The challenge can be found here or there.
In case the challenge server is brought down, some pseudo python code of the challenge server can be found below.

Intro

Rolling out custom crypto is usually a bad idea, yada yada. Not so much if you take fun into account.
Here we have a rather complicated cipher:

  • several rounds
  • non linearities
  • a huge keyspace of 385 bits
  • an elegant solution

The goal is to recover a given plaintext having access to an oracle returning the result of the encryption of the plaintext with keys of our own choosing. If that entices you, I encourage to try it.

I will not give a detailed presentation of the encryption function; familiarity assumed (key is i in python, plaintext is key).

Meat

The input being split independently per round allows us to change only the parameter cnt for the last round, leaving all the previous rounds identical one run to the next.
Below the commented code for the last round and the final key whitening.

# The non linear layer. Dunno if it's reversible or not. Don't care.
state = s_layer(state, n)

cnt += i % factorial(n)
i = i / factorial(n)
# Here every bit is unknown but can be chosen to stay
# the same for whichever value of **cnt** in the final round.

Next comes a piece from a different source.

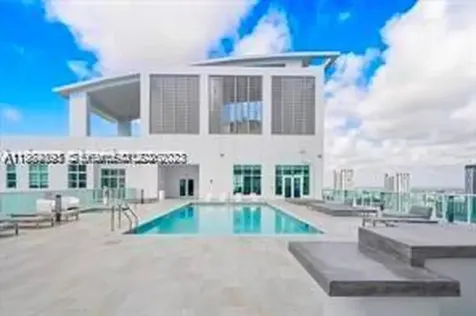 133 NE 2nd Avenue Miami FL 33132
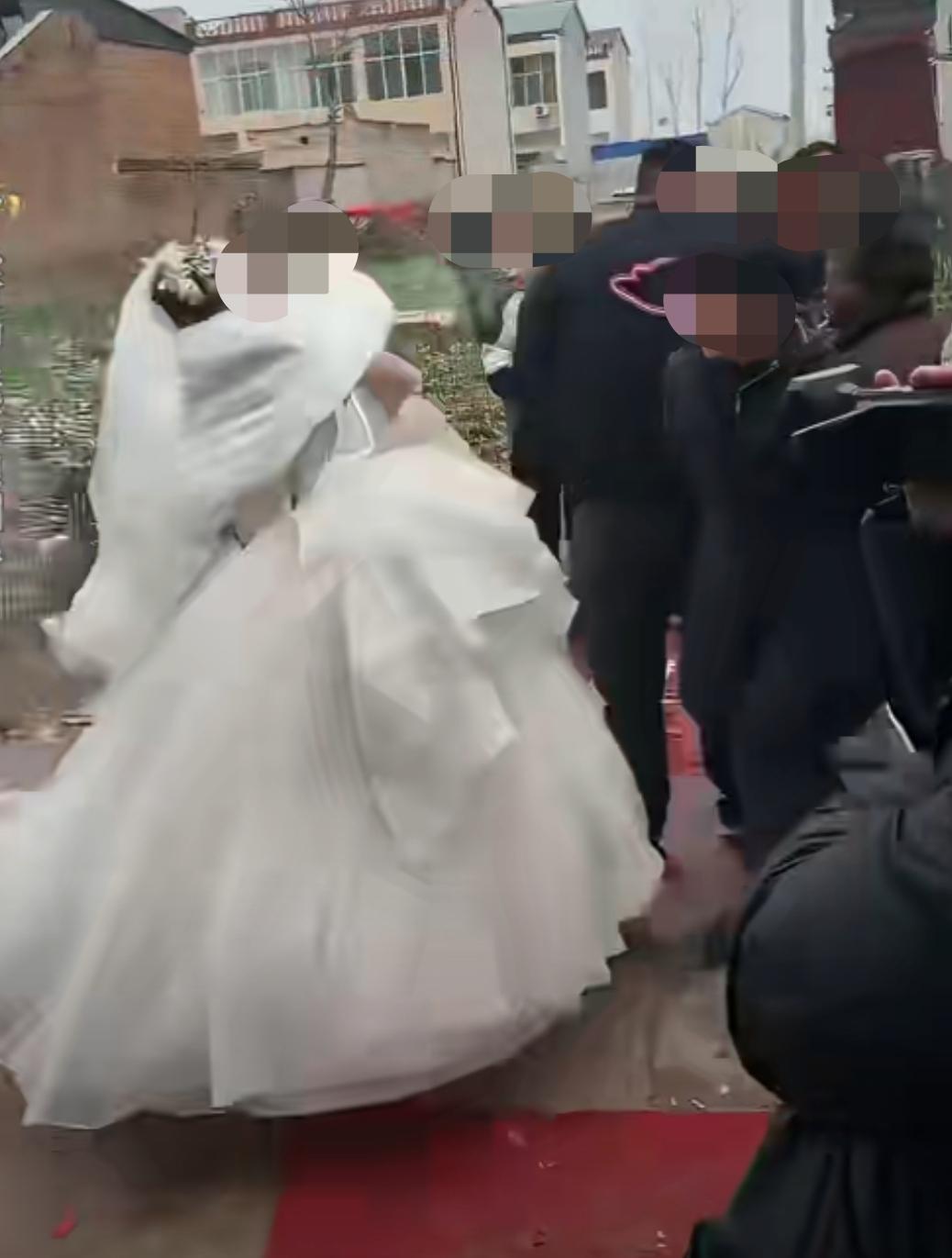 惊讶！都21世纪了婚闹陋习还有，2026年3月初，安徽宿州某婚礼中，新人刚下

# Full control of **cnt** gives us access to every permutation of "matrix".
lin_layer = permutate_matrix(matrix, get_permutation(cnt, n), n)
# No need to look for a backdoor in the fixed matrix.
# Correctly chosing the column permutations allow us to
# break the key in very few trials.
state = matrix_mul(state, lin_layer, n)

# Whitening of the state. Completely useless if we use
# xor differences between output.
# Plus, we figure out the state before whitening, we got the key!
state = add_state(state, key, n)

Here is the idea that makes the problem solvable: In the matrix multiplication, swapping two columns in the matrix has the same effect as swapping the corresponding two elements in the vector. If the swapped bits are the same, result is the same. If not, the result is totally different (assuming random matrix). This potential difference then propagates to the output, unhindered by the whitening.

This gives us a mean to test if two bits are equal in the state right before the final matrix multiplication. If we do this test smartly n-1=384 times, we are able to partition the bits in two sets, say A and B.
Then we have to bruteforce a grand total of 2 assignments. Yes, two! (A=0 and B=1, A=1 and B=0).

Finally, with the guessed state, we apply the matrix mul and xor with the ciphertext to retrieve the key and then the flag.

flag{__xXx_Rasta_best_cipher_in_the_world_xXx__}

That’s it, the solution is really simple even though the algorithm might have looked frightening.
The combination full control over permutation + key whitening was all that was needed to bring down the cipher with 384 carefully chosen keys.

Thank to problem setter ph1ll for a nice chall and the hacklu team for the ctf.

Resources

Pseudo code for the server:

# key is regenerated at each connection
send(generate_challenge())
while True:
  input = recv_input()
  send(generate_keystream_block(input))

For the missing details, like how to compute the input to obtain the desired permutation, there is a python code on github.
Warning though, it won’t run without setting up tons of dependencies :) (see other repos).